** Data listing follows **

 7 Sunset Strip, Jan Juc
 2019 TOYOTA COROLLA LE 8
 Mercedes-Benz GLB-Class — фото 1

** End of Data listing **
** Data listing follows **

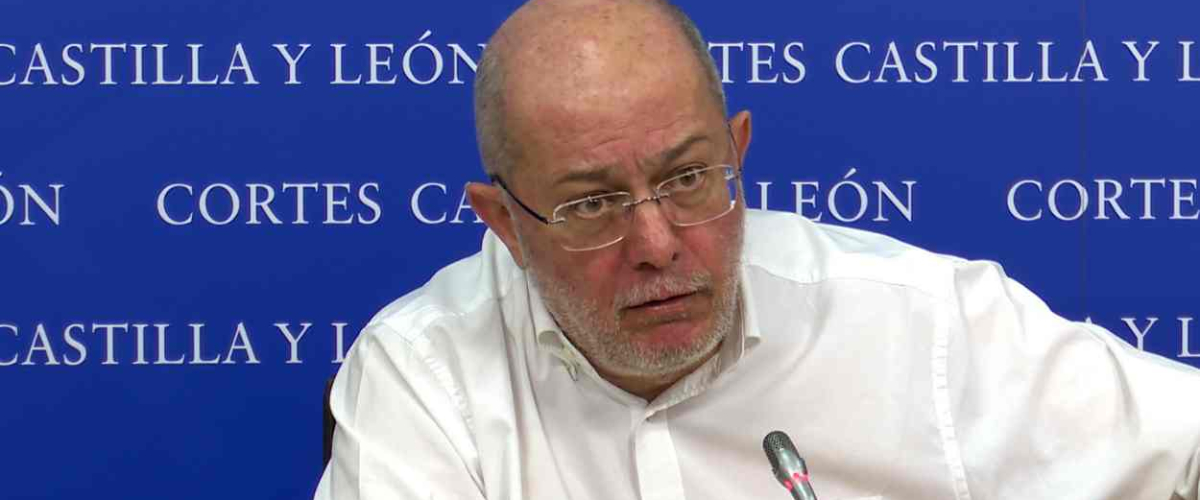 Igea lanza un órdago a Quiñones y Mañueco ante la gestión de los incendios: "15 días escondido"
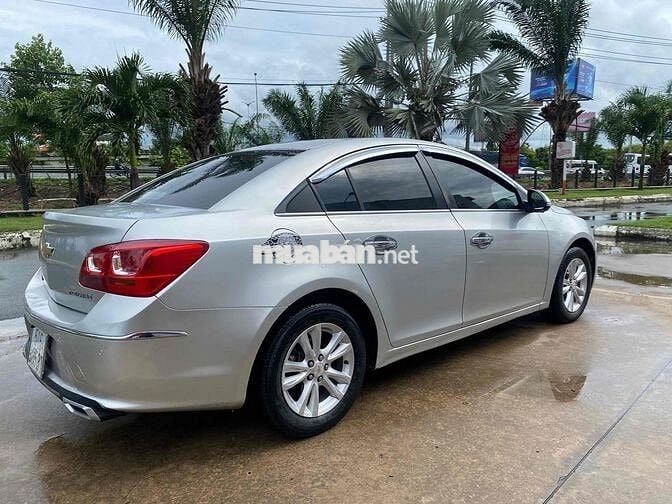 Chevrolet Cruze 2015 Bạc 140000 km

** End of Data listing **
** Data listing follows **

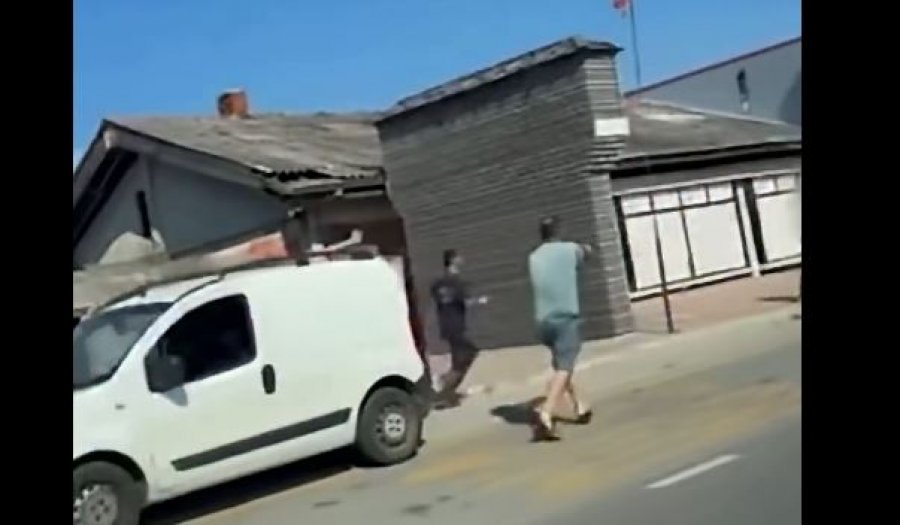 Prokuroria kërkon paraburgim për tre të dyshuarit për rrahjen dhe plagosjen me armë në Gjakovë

** End of Data listing **

Requirement - In the listing above, find the line with "7 Sunset Strip, Jan Juc" and the line with "Mercedes-Benz GLB-Class — фото 1", then print exactly those two lines and every line between them, and nothing more.

Exercise result -
 7 Sunset Strip, Jan Juc
 2019 TOYOTA COROLLA LE 8
 Mercedes-Benz GLB-Class — фото 1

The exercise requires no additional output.